We compare the embeddings learnt from temporal walks with non-temporal walks in this demo.

Run the master version of this notebook:

[1]:
# install StellarGraph if running on Google Colab
import sys
if 'google.colab' in sys.modules:
  %pip install -q stellargraph[demos]==1.0.0rc1
[2]:
# verify that we're using the correct version of StellarGraph for this notebook
import stellargraph as sg

try:
    sg.utils.validate_notebook_version("1.0.0rc1")
except AttributeError:
    raise ValueError(
        f"This notebook requires StellarGraph version 1.0.0rc1, but a different version {sg.__version__} is installed.  Please see <https://github.com/stellargraph/stellargraph/issues/1172>."
    ) from None
[3]:
import numpy as np
import pandas as pd
import random
import matplotlib.pyplot as plt
from IPython.display import display, HTML
from sklearn.manifold import TSNE
from sklearn.model_selection import train_test_split
from stellargraph import StellarGraph
from stellargraph.datasets import IAEnronEmployees

%matplotlib inline

Dataset

The dataset used in this demo is called enron-ia-employees, available in Network Repository: http://networkrepository.com/ia-enron-employees.php

[4]:
dataset = IAEnronEmployees()
display(HTML(dataset.description))

full_graph, edges = dataset.load()
A dataset of edges that represent emails sent from one employee to another.There are 50572 edges, and each of them contains timestamp information.
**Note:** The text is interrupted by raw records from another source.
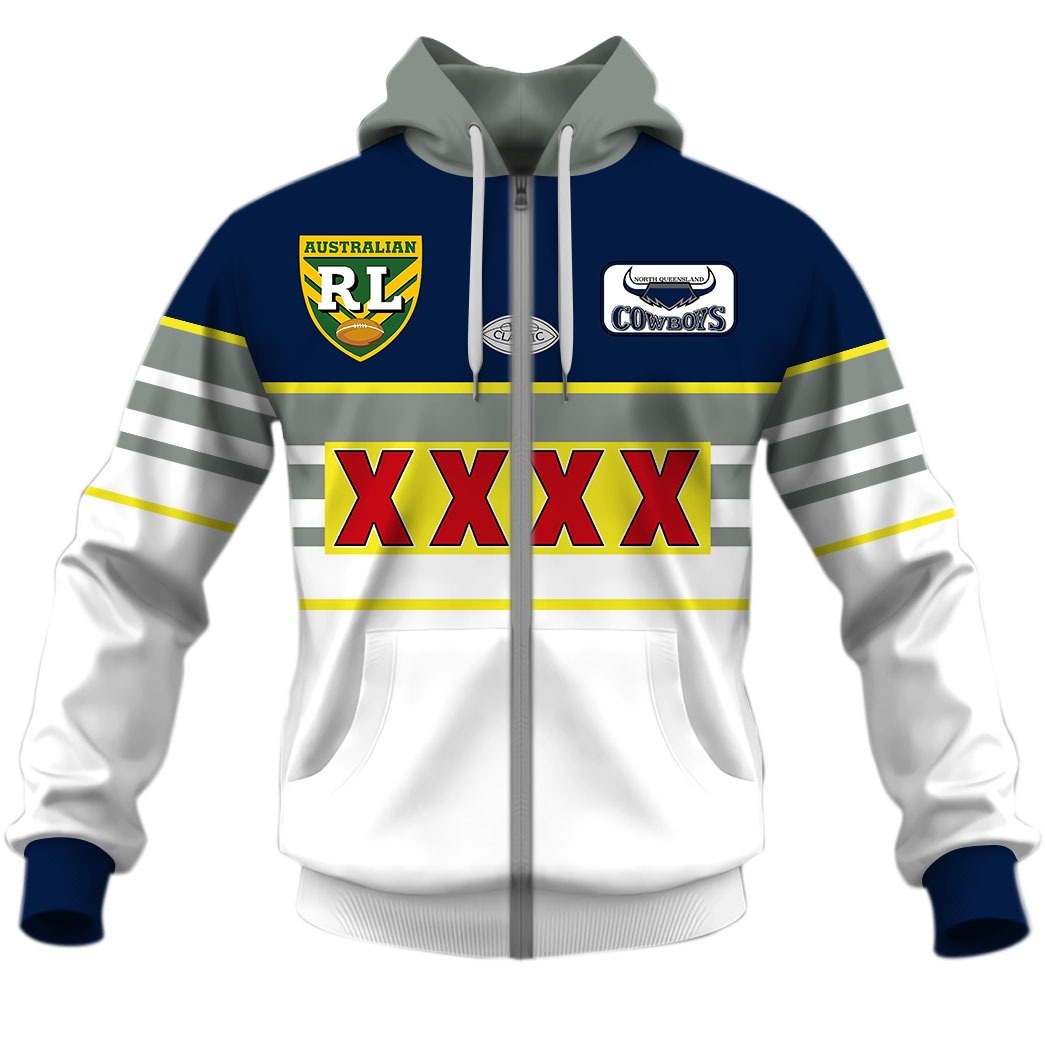 Nrl North Queensland Cowboys Custom Name Number 1995 Arl Nrl Vintage Retro Jersey Zip Up Hoodie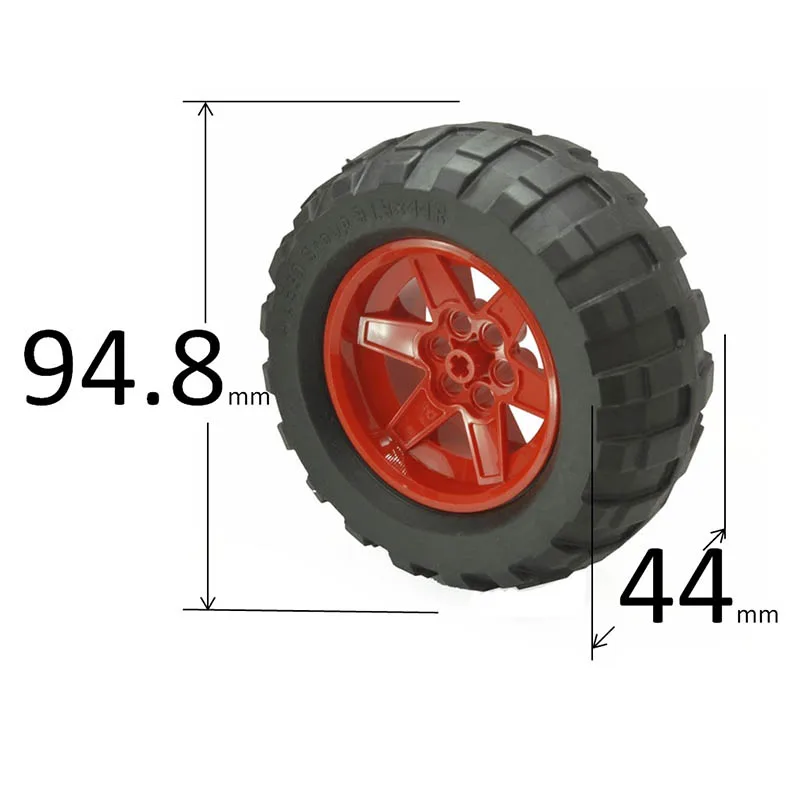 Rainbow Pig MOC Parts Wheel 15038 + 54120 Tire 94.8 x 44mm High-Tech Compatible Bricks DIY Building Blocks Particle Kid Toy Gift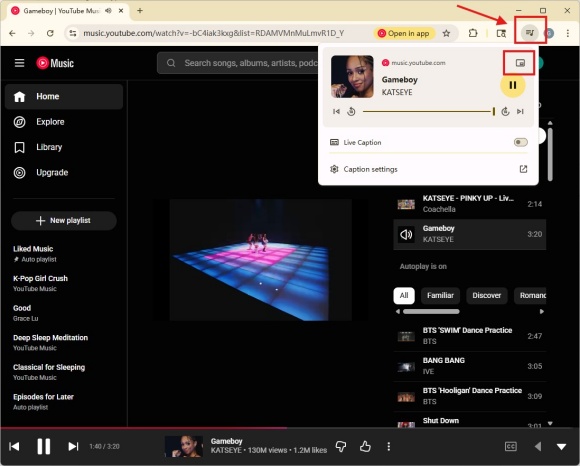 click music note icon and picture in picture on ytm web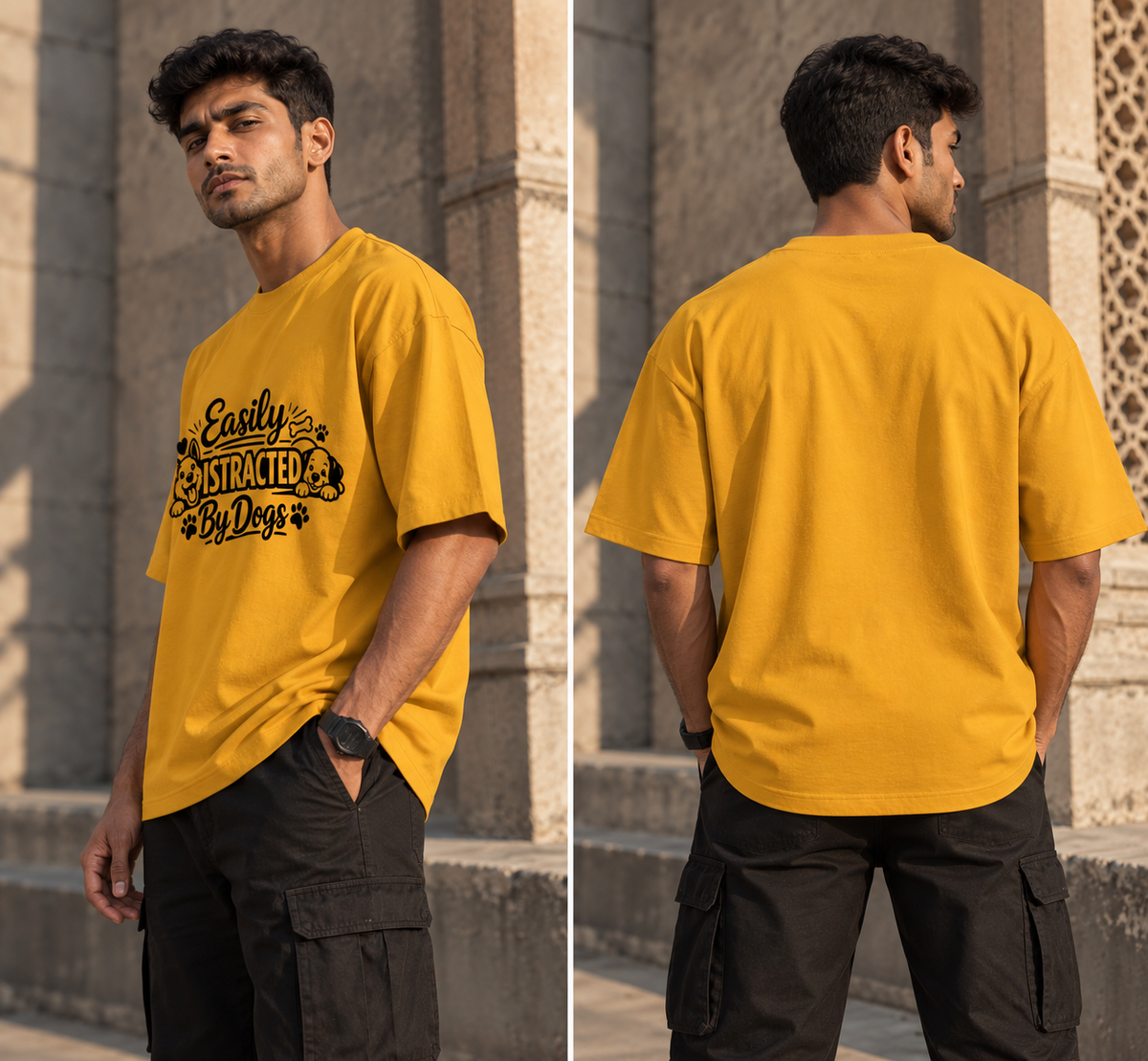 RAJIRU Easily Distracted by Dogs mustard oversized T-shirt back view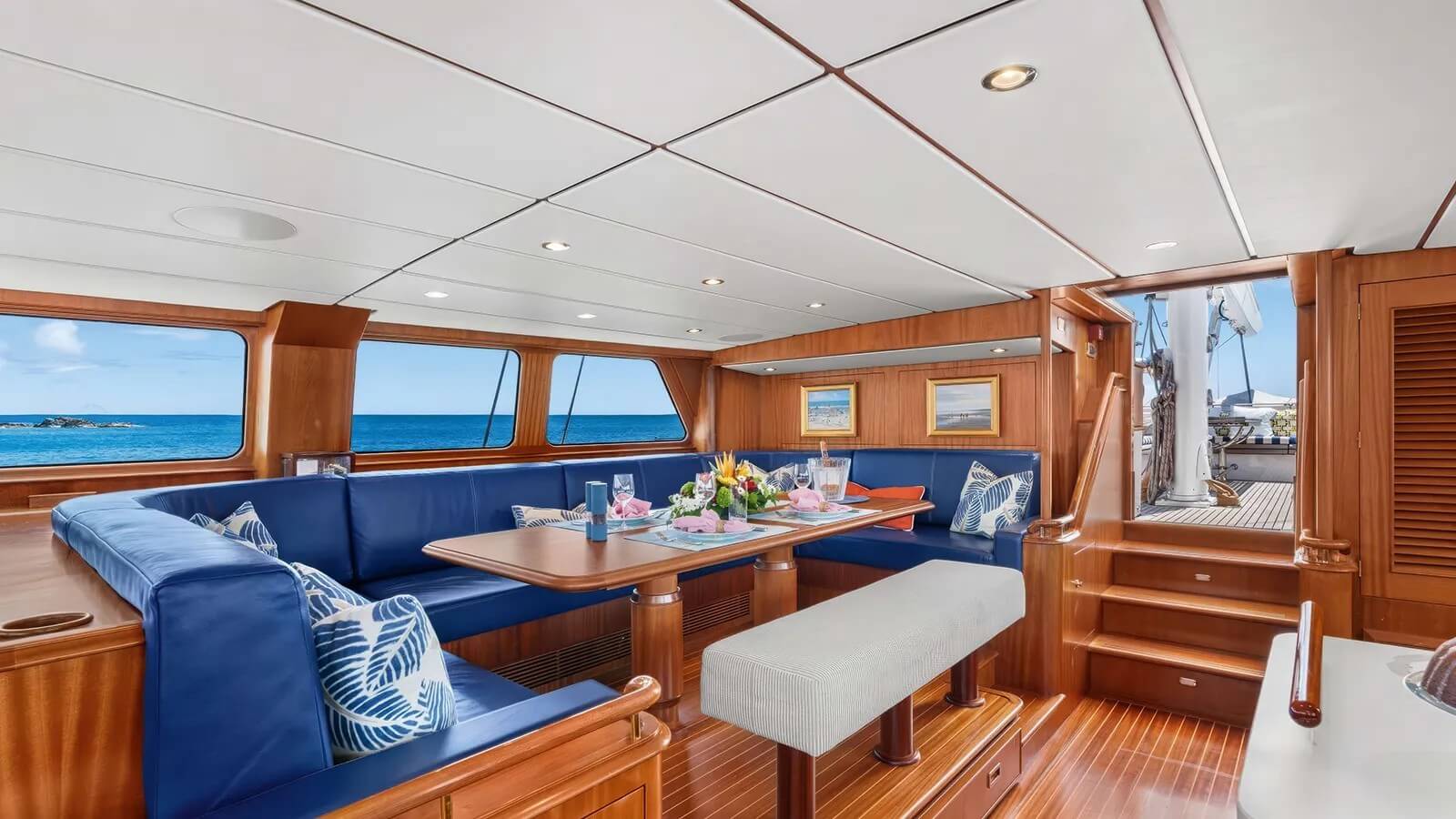 Dining area of sailing yacht Abide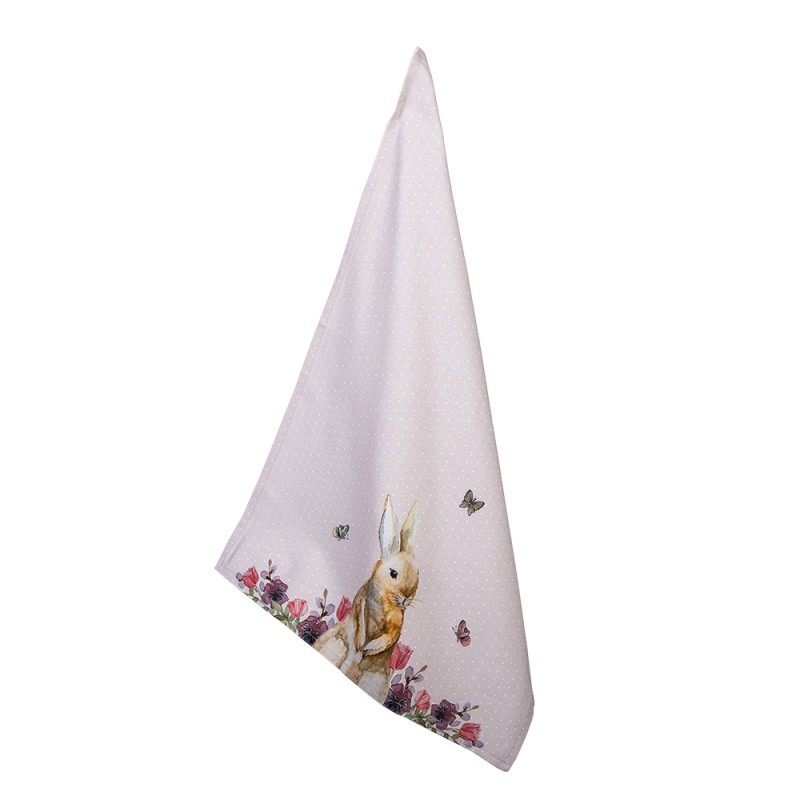 Clayre & Eef Asciugamani da cucina 50x70 cm Bianco Rosa  Cotone Rettangolo Fiori di coniglio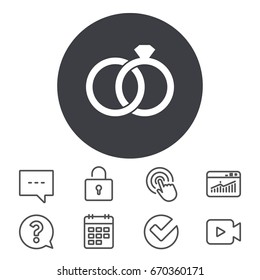 Wedding rings sign icon. Engagement symbol. Calendar, Locker and Speech bubble line signs. Video camera, Statistics and Question icons. Vector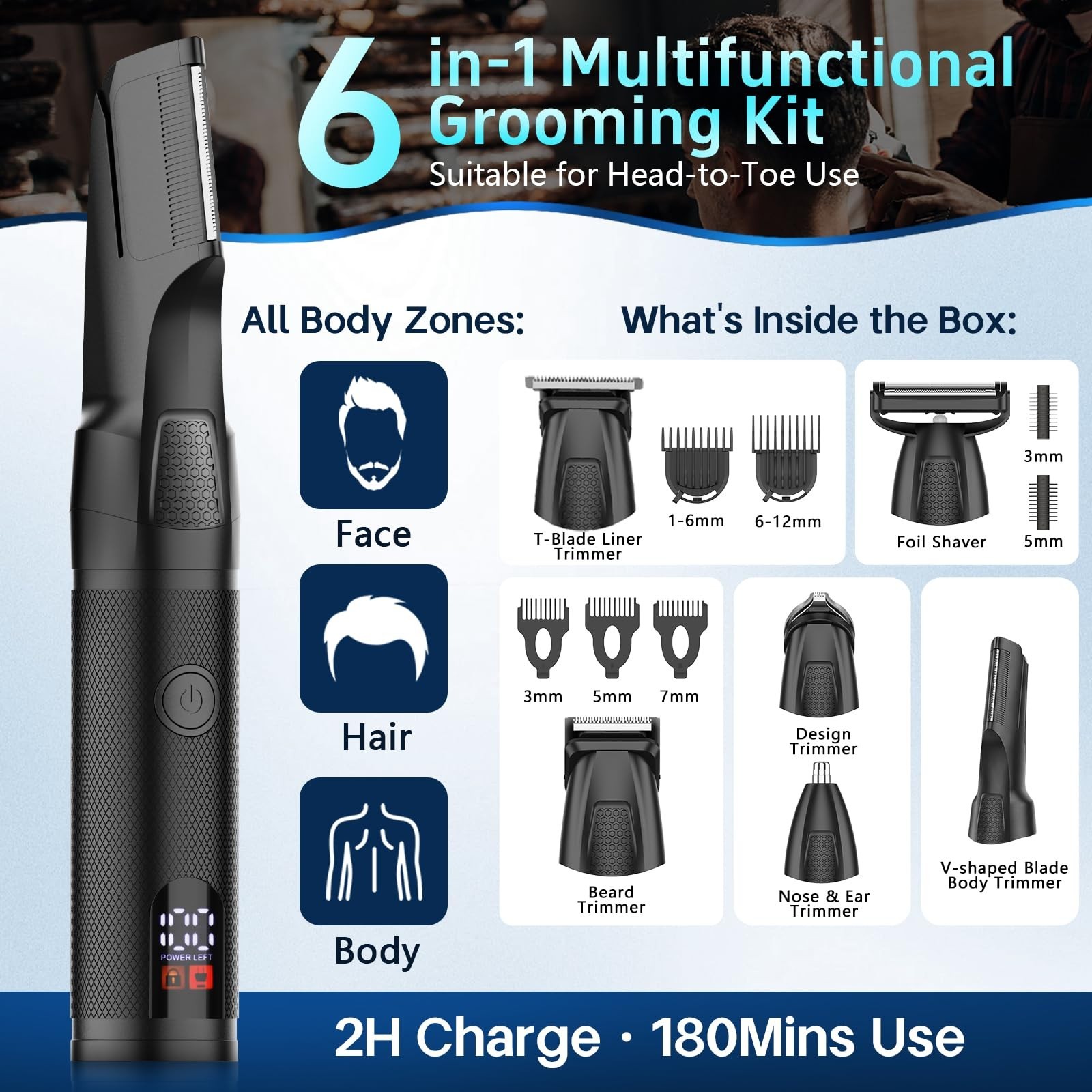 Waterproof Body & Beard Trimmer Kit for Men – Groin & Hair Grooming Tool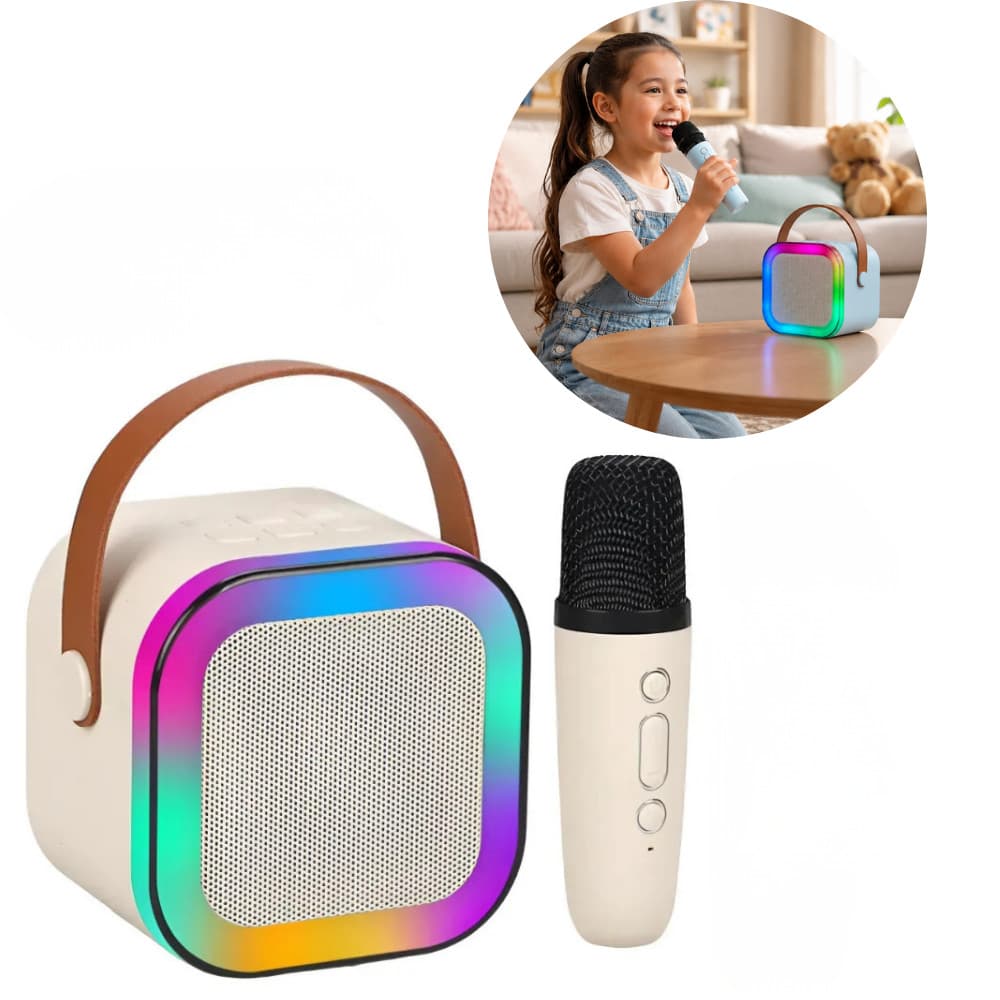 Karaokê Bluetooth Infantil Caixa Som Microfones Recarregável Sem Fio
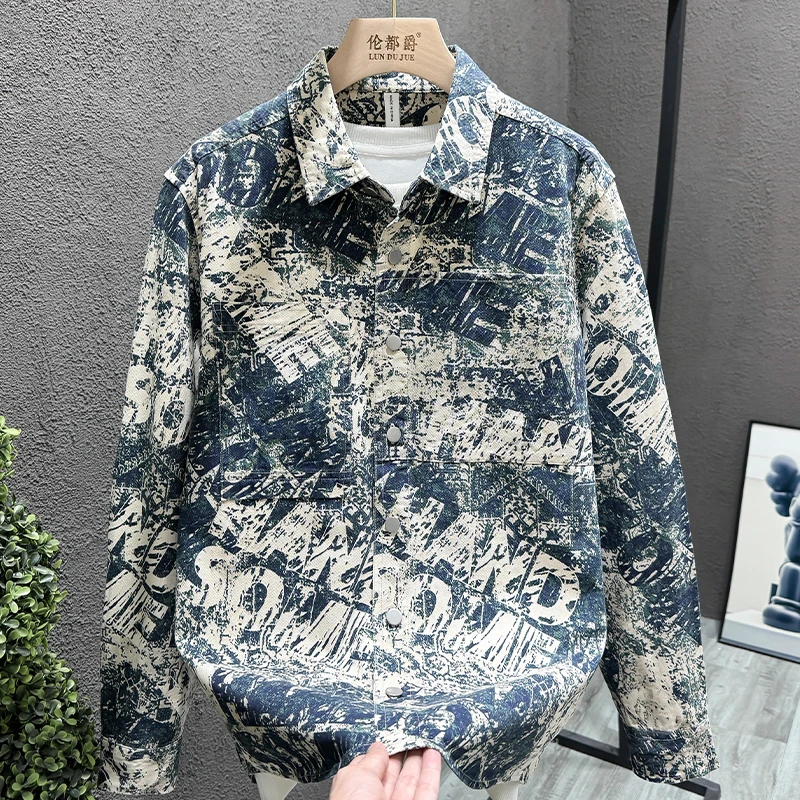 高级设计感复古抽象涂鸦纯棉重磅衬衫外套男士宽松痞帅长袖衬衣男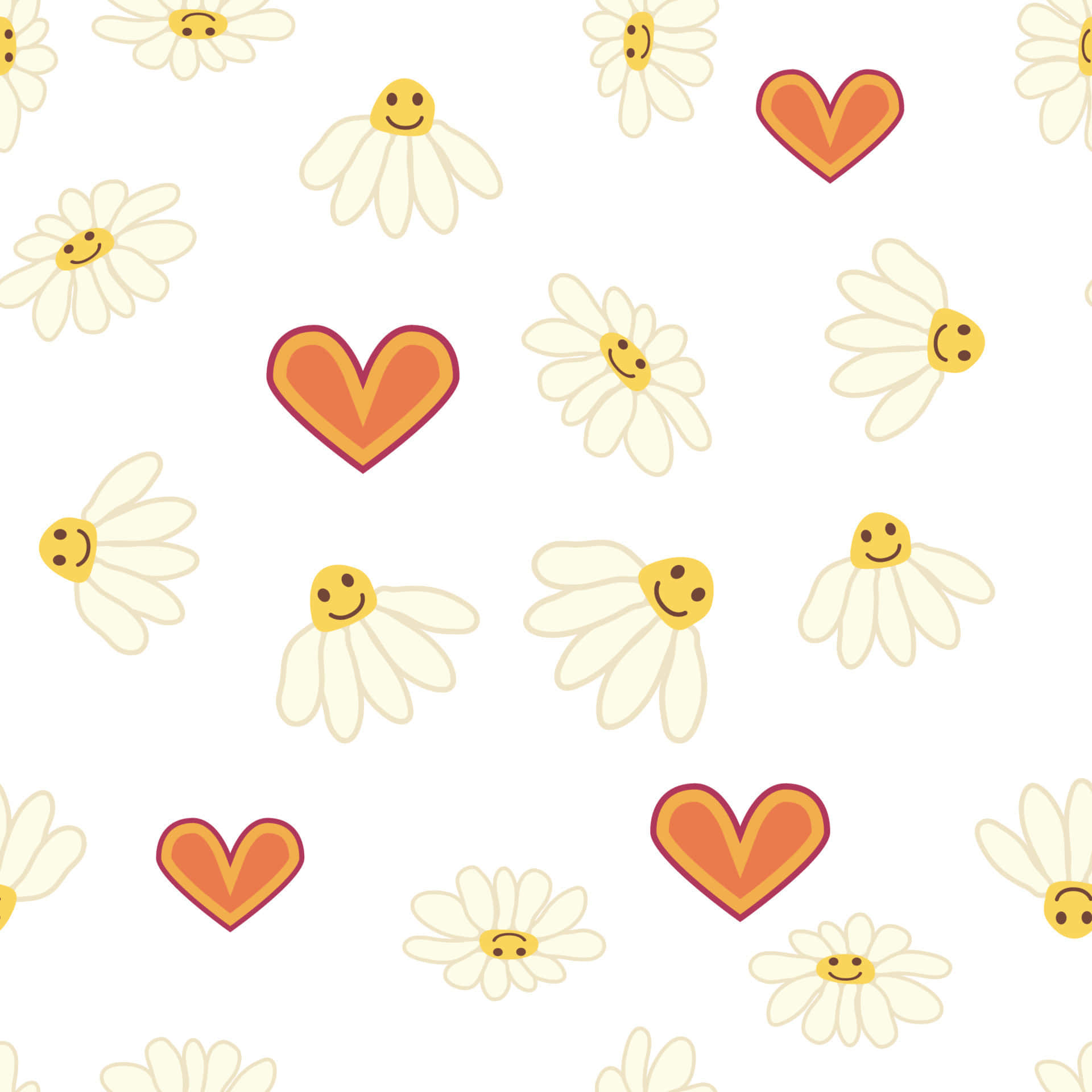 A Pattern Of Daisies With Hearts And Smiles Wallpaper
Edges refer to 151 unique node IDs in total.Ryan A. Rossi and Nesreen K. Ahmed “The Network Data Repository with Interactive Graph Analytics and Visualization” (2015)

Split edges

We want to split the edges into parts that can be used for our link prediction task: * the oldest edges are used to create the graph structure * the recent edges are what we are interested in predicting - we randomly split this part further into training and test sets.

[5]:
# subset of edges to split
train_subset = 0.25
test_subset = 0.25

# number of edges to be kept in the graph
num_edges_graph = int(len(edges) * (1 - train_subset))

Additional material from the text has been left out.